Tomatoes! Tomatoes! Tomatoes!

Tomatoes are one of the tastiest treats of summer. Vine-ripened tomatoes are fragrant and delicious. Lucky you, if you grow them in a container or garden. They are also available at local farm stands and farmers' markets July through September. 

 

Tomatoes provide substantial amounts of vitamin C as well as vitamin A, potassium, iron and fiber, with only 25 calories in a medium-size tomato. Vine-ripened tomatoes available in summer are higher in vitamin C than greenhouse varieties available in other seasons. Fresh tomatoes contain more vitamin C than cooked or canned ones. 

 

Tomatoes are also an excellent source of disease-fighting lycopene, a plant nutrient that helps to protect against many cancers and heart disease. Lycopene, one of the carotenoids, is the red pigment that gives tomatoes, watermelon, and pink grapefruit their bright color.
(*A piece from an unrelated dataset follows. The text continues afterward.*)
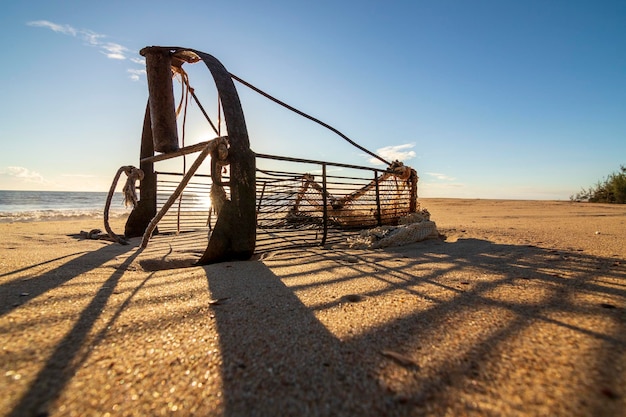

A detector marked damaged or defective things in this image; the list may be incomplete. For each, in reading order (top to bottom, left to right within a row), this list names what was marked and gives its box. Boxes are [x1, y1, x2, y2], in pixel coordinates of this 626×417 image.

Lycopene is better absorbed from cooked tomatoes, than from fresh, so enjoy tomato products all year long. 

 

Choose firm, plump tomatoes, heavy for their size and free from bruises and other defects. 

 

To ripen mature, green tomatoes, set them in a warm location (65-70 degrees F) away from sunlight. High heat will make tomatoes mushy and flavorless. Strong sunlight can dry them out. Place tomatoes in a bag or ripening bowl to speed up the ripening process.